Suites données aux recommandations du comité et du Conseil d’administration
  1. 27. Le comité a examiné le présent cas pour la dernière fois à sa réunion de mars 2014. [Voir 371e rapport, paragr. 59 à 63.] Le comité rappelle que la plainte présentée par la Confédération générale du travail-Force ouvrière (CGT-FO) porte sur la conformité des dispositions de la loi du 20 août 2008, portant rénovation de la démocratie sociale et réforme du temps de travail et ses textes d’application avec les dispositions des conventions nos 87, 98 et 135 ratifiées par la France. Dans ses dernières recommandations, le comité avait demandé au gouvernement de faire état de l’évaluation de l’application de la loi du 20 août 2008 issue du rapport qui devait être présenté à cet égard au Parlement en 2013, ainsi que des consultations menées au sein du Haut Conseil du dialogue social (HCDS) établi à cet effet. Le comité avait alors exprimé l’espoir que l’évaluation tiendrait dûment compte des préoccupations exprimées par la CGT-FO ainsi que des conclusions et recommandations qu’il avait lui-même formulées précédemment sur les points soulevés.
  2. 28. Dans une communication en date du 10 septembre 2015, l’organisation plaignante déplore que le gouvernement n’ait pas donné suite aux recommandations du comité sur les deux points qu’elle soulevait précédemment, à savoir, d’une part, la liberté de désigner le (ou la) délégué(e) syndical(e) en charge de représenter le syndicat dans l’entreprise, notamment dans le cadre de la négociation collective, et, d’autre part, celle de la désignation et de la durée du mandat du représentant d’une section syndicale, cela en regard du droit des organisations syndicales d’organiser leur gestion et leur activité conformément à l’article 3 de la convention no 87. Pour la CGT-FO, les modifications nécessaires du Code du travail, permettant de rétablir la pleine liberté de désignation du délégué syndical et du représentant d’une section syndicale, sont très simples à mettre en œuvre puisqu’il suffirait d’amender l’article L2143-3 du Code du travail relatif au délégué syndical et l’article L2142-1-1 du Code relatif au représentant de la section syndicale.
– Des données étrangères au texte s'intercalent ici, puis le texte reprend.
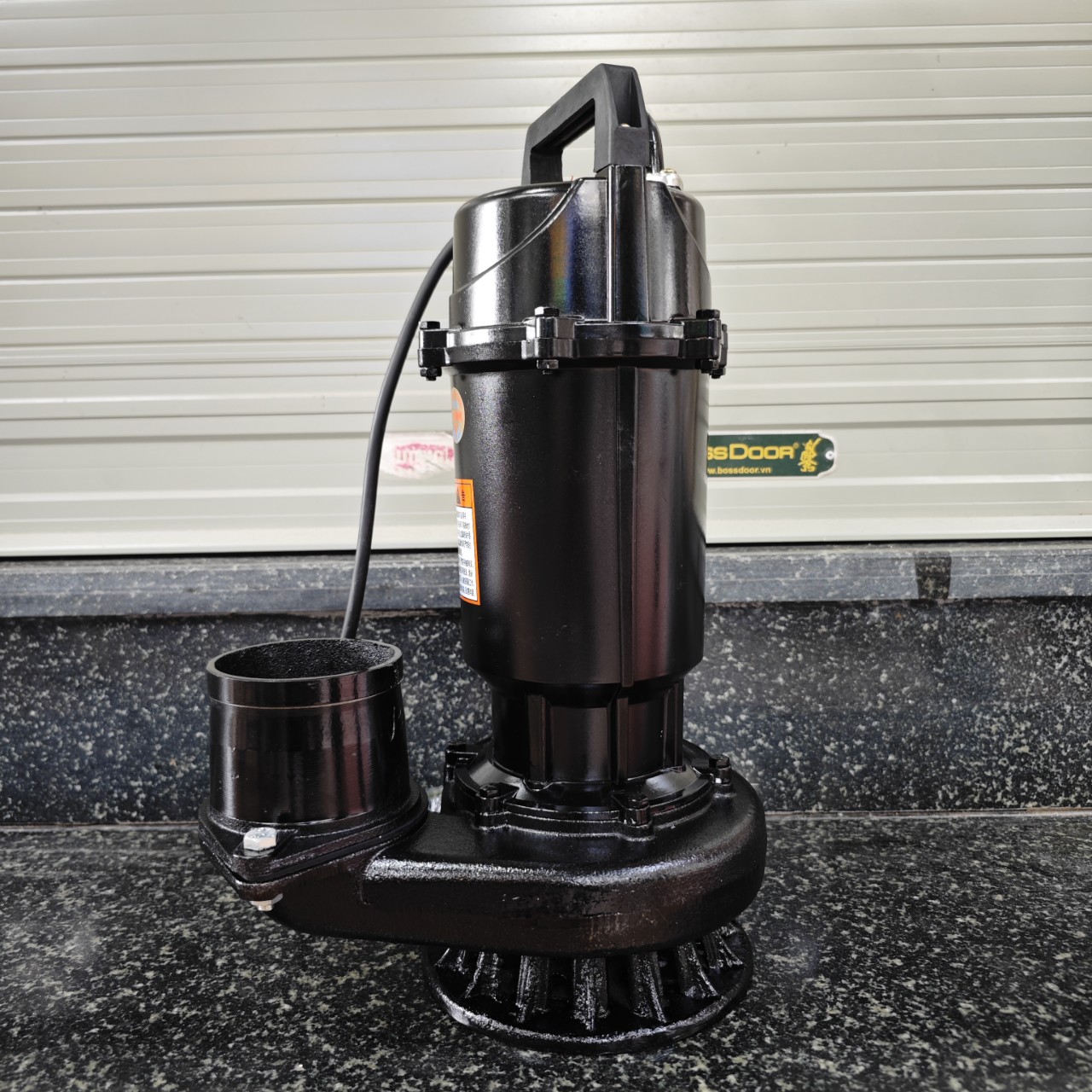 MÁY BƠM CHÌM BƠM TÕM 2.2KW ỐNG RA F100 (3HP)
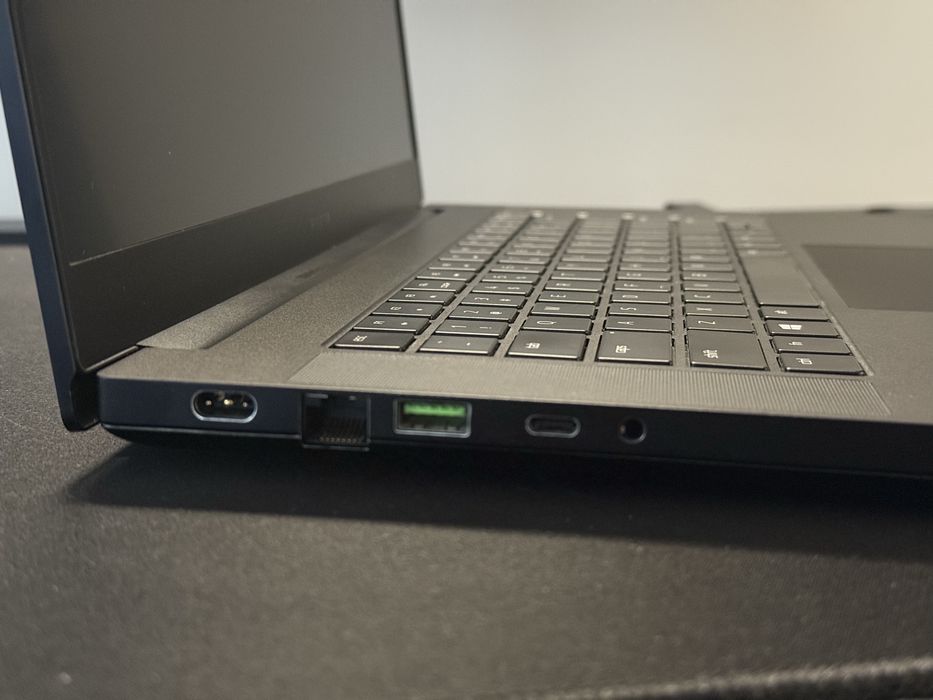 Laptop gamingowy Razer Blade 15 RTX/i7+ Razer Orochi V2 + opakowanie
  3. 29. La CGT-FO indique avoir pourtant rappelé au gouvernement à plusieurs reprises la nécessité de modifier le Code du travail en mettant en œuvre les recommandations du comité, y compris lors des réunions de concertation et des débats parlementaires sur le projet de loi du gouvernement dit de «modernisation du dialogue social» qui a été récemment débattu et adopté (loi no 2015-994 du 17 août 2015 relative au dialogue social et à l’emploi). La CGT-FO estime que rétablir la pleine liberté de désignation du délégué syndical et du représentant d’une section syndicale est d’autant plus urgente que le gouvernement a confirmé vouloir très prochainement réformer le Code du travail pour donner plus de poids encore à la négociation collective d’entreprise, y compris de façon dérogatoire aux dispositions légales et aux accords de branches ou conventions collectives nationales. Enfin, la CGT-FO se réfère à deux décisions judiciaires qui, s’appuyant sur la loi en vigueur (art. L2143-3 du Code du travail), dénient au syndicat CGT-FO – bien que représentatif dans les entreprises concernées, car ayant obtenu notamment plus des 10 pour cent de voix aux élections du comité d’entreprise – la possibilité de désigner le délégué syndical de son choix. Or, dans les deux cas, le syndicat CGT-FO a simplement voulu désigner librement comme délégué syndical un de ses adhérents, non élu au comité d’entreprise, après que ses membres élus au comité d’entreprise ont fait connaître, librement, qu’ils ne souhaitaient pas exercer le mandat de délégué syndical en cumul de la fonction de représentant élu au comité d’entreprise, une fonction distincte.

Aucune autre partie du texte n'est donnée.